Oggi allenatore, Breda ha giocato gran parte della sua carriera calcistica all’ombra dell’Arechi, vincendo due campionati e vivendo successivamente, vestiti i panni da tecnico, una delle stagioni più romantiche degli ultimi decenni. Capitano di successi e fallimenti, Breda racconta aneddoti e visioni calcistiche sulla Salernitana di ieri e di oggi.

L’approdo in granata ha letteralmente cambiato la sua carriera…

«Arrivai a Salerno in punta di piedi, era il novembre del 1993. Provenivo dalla Sampdoria, giocai i primi mesi a Genova prima di approdare alla corte di Delio Rossi. Renzo Castagnini mi telefonò per sondare la mia disponibilità al trasferimento. In quegli anni la Salernitana era una succursale del Foggia. L’approccio fu quello giusto fin dall’inizio: il gruppo si amalgamò in un momento di difficoltà societario. La Salernitana aveva ringiovanito la rosa rispetto agli anni precedenti, puntando su tanti giovani di qualità.

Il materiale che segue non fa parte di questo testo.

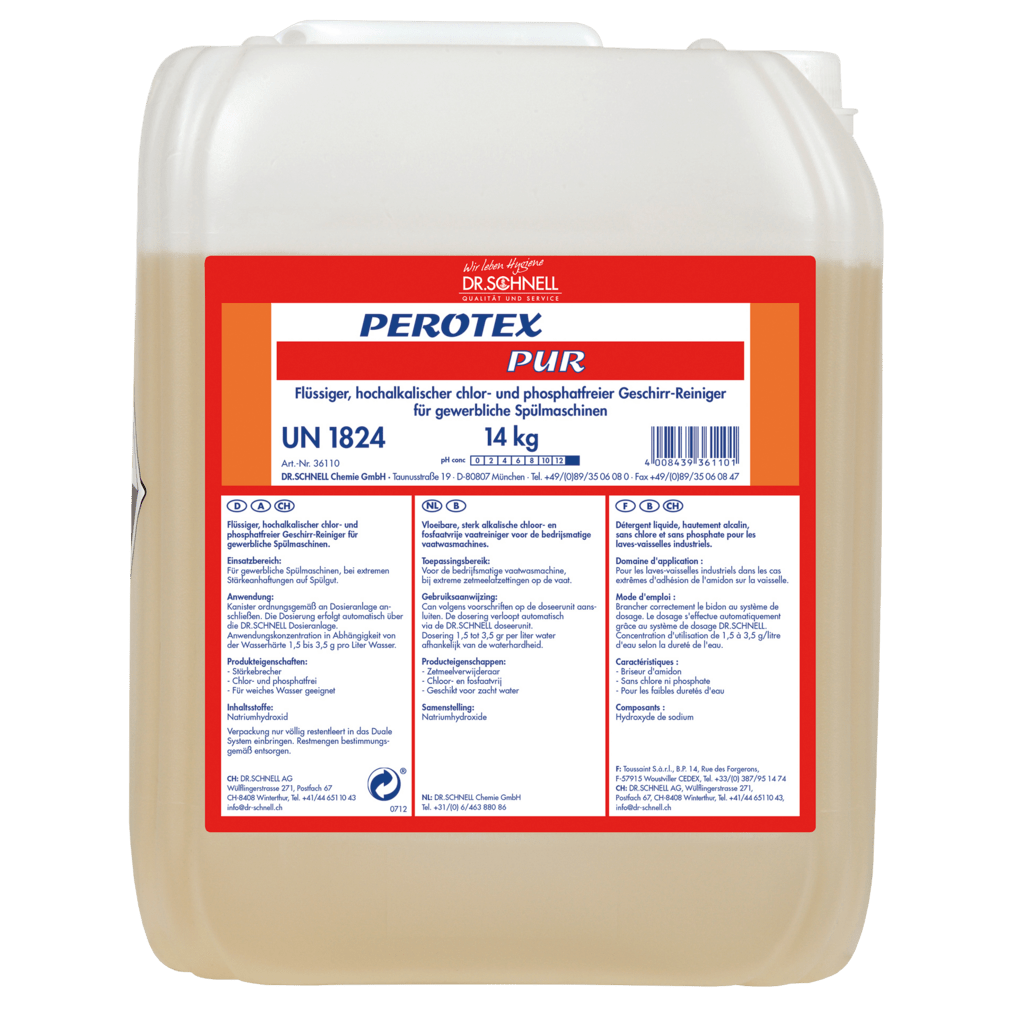 A 14 kg transparent plastic container of Dr. Schnell PEROTEX PUR dish cleaner for commercial dishwashers from DR.SCHNELL GmbH & Co. KGaA, with a label in German listing product details, ingredients, application instructions, and safety warnings.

Lo stesso Rossi era un tecnico emergente».

Com’era il rapporto con Delio Rossi?

«Mi sono accorto dai primi allenamenti che era preparatissimo, ha grandi qualità ed è un profondo conoscitore di calcio, meticoloso. Era l’allenatore più bravo che avessi incontrato sulla mia strada. Con lui la squadra è cresciuta. È stato un esempio per me, devo a lui la mia formazione. Aveva una metodologia, una capacità di trasmettere le cose nettamente migliore rispetto a tanti altri. È stato lui a farmi maturare l’idea di sedere su una panchina».

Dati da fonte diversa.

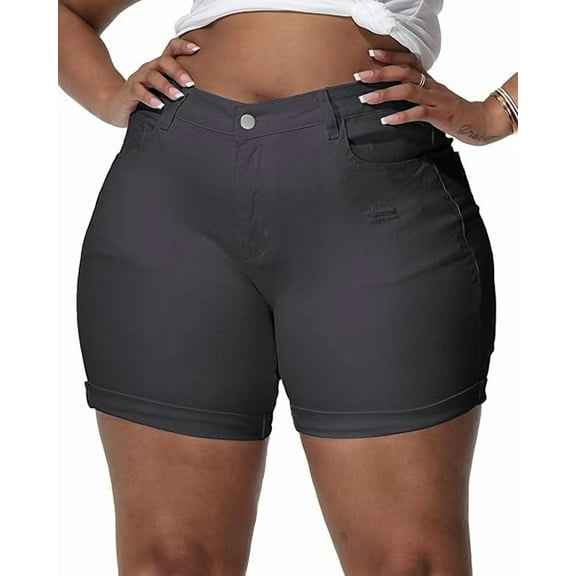 Gocolloa Womens Plus Size Jean Shorts Stretchy Solid Color High Waisted Summer Casual 5.5" Denim Shorts Gray 26W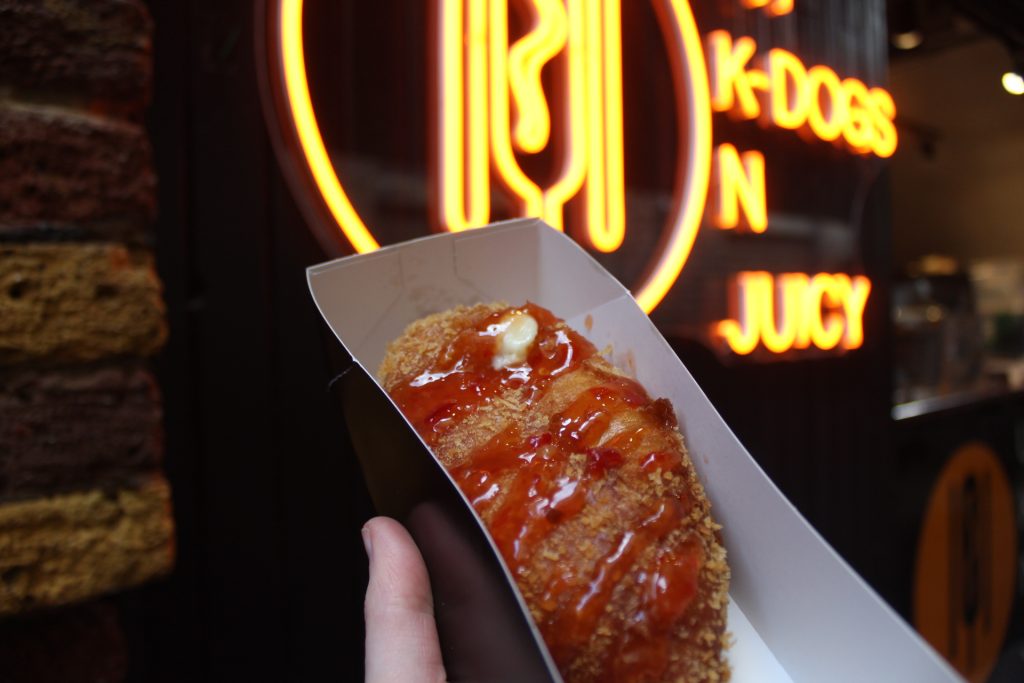 Photo of a corn dog from Uh K-Dogs n Juicy in Camden Market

Che gruppo era quello degli anni ’90? Come fece ad ottenere determinati risultati?

«Eravamo una squadra affiatata. C’era una bellissima atmosfera. La figura di riferimento per noi era sicuramente Claudio Grimaudo. Alleggeriva i carichi di lavoro con la sua simpatia: correvamo tantissimo ogni giorno ma con lui ci sentivamo leggeri e sempre liberi mentalmente per affrontare l’allenamento successivo. Era fantastico. Io mi tengo in contatto ancora oggi con tanti di loro: Mauro Facci, Pietro Strada, Carlo Ricchetti».

Un suo gol ha deciso un derby storico al Partenio.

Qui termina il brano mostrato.